* ACTIVITY *
Your reply should consist of the entries, copied exactly and stripped of images.

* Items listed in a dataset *
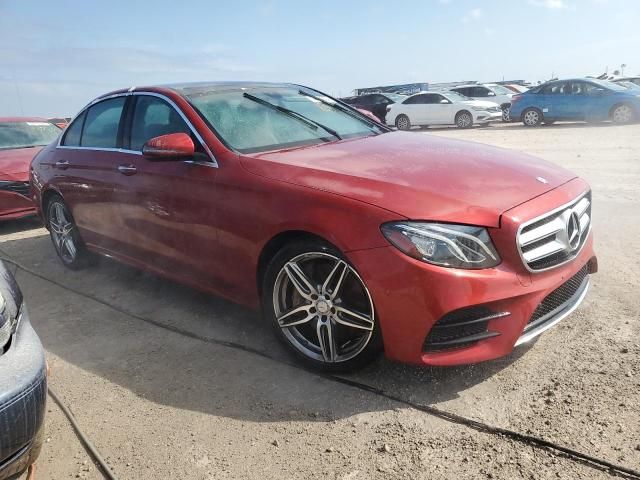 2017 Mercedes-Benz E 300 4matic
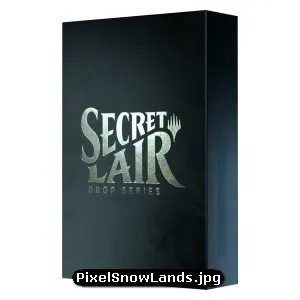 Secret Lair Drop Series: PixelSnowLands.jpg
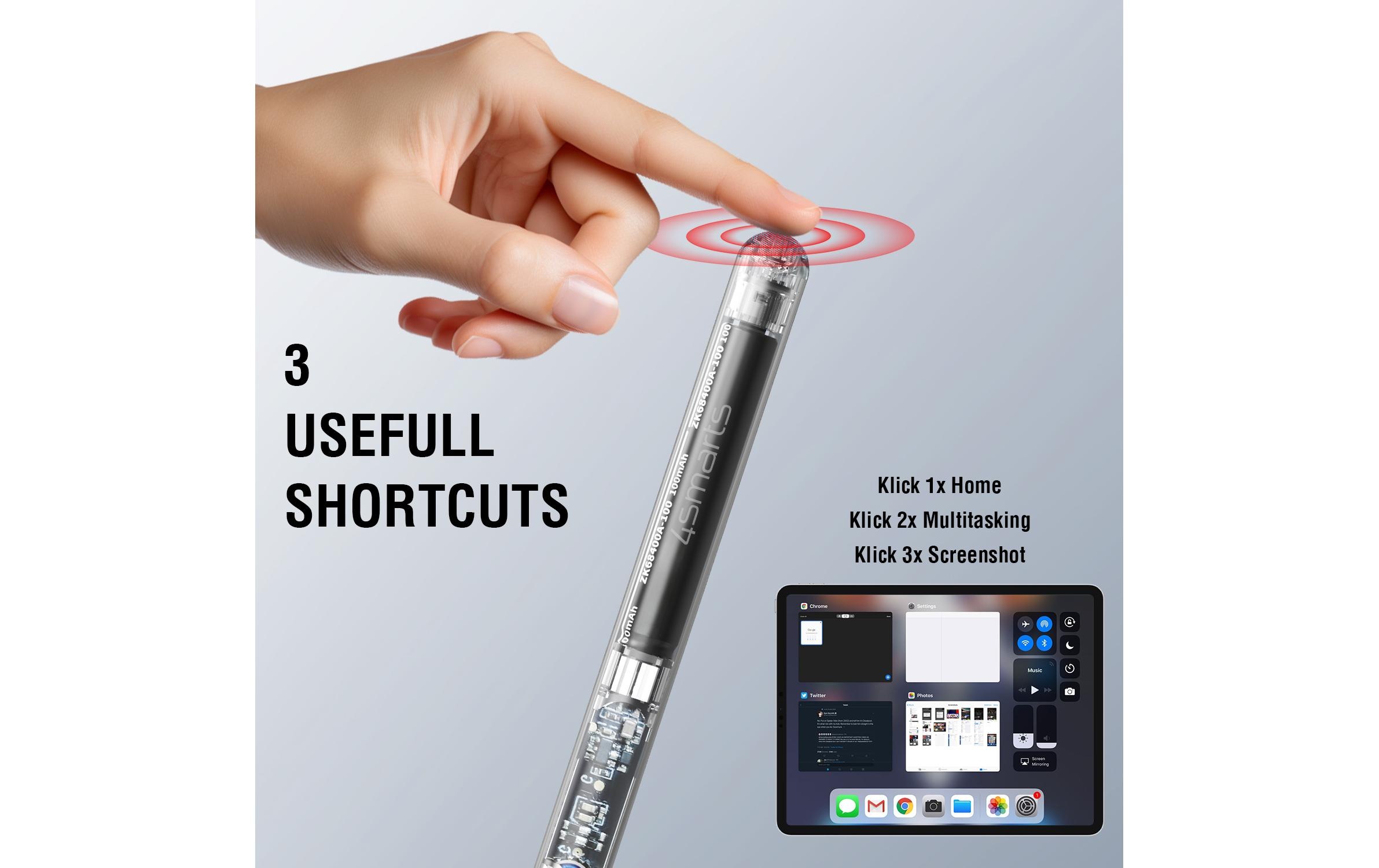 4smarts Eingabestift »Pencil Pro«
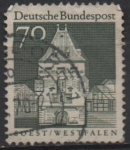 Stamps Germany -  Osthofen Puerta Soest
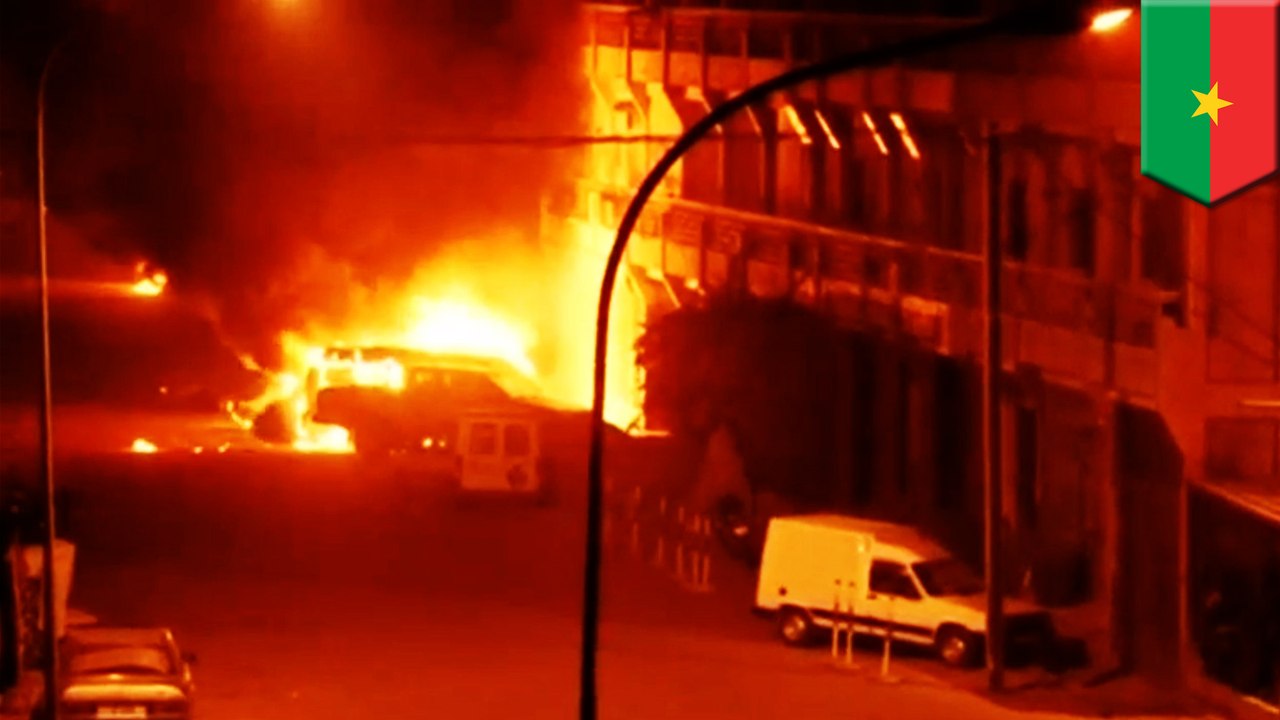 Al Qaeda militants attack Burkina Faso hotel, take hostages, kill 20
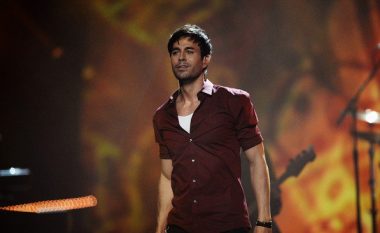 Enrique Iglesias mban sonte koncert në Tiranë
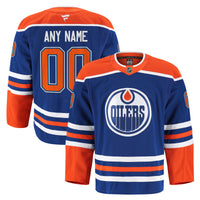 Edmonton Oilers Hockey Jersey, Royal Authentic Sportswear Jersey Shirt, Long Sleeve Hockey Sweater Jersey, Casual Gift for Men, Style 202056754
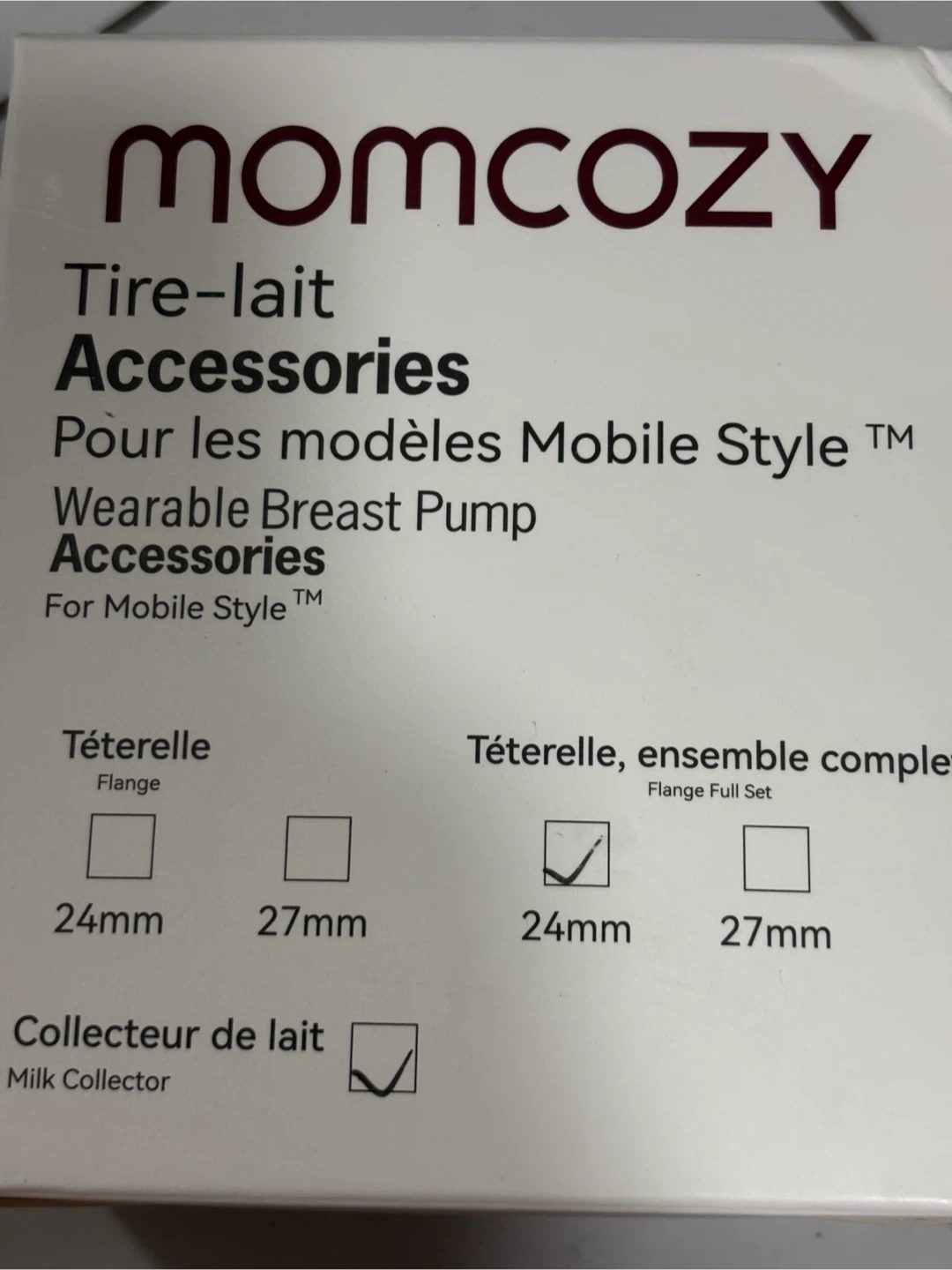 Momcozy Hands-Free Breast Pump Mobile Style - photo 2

* PROBLEM SOLUTION *
 2017 Mercedes-Benz E 300 4matic
 Secret Lair Drop Series: PixelSnowLands.jpg
 4smarts Eingabestift »Pencil Pro«
 Stamps Germany -  Osthofen Puerta Soest
 Al Qaeda militants attack Burkina Faso hotel, take hostages, kill 20
 Enrique Iglesias mban sonte koncert në Tiranë
 Edmonton Oilers Hockey Jersey, Royal Authentic Sportswear Jersey Shirt, Long Sleeve Hockey Sweater Jersey, Casual Gift for Men, Style 202056754
 Momcozy Hands-Free Breast Pump Mobile Style - photo 2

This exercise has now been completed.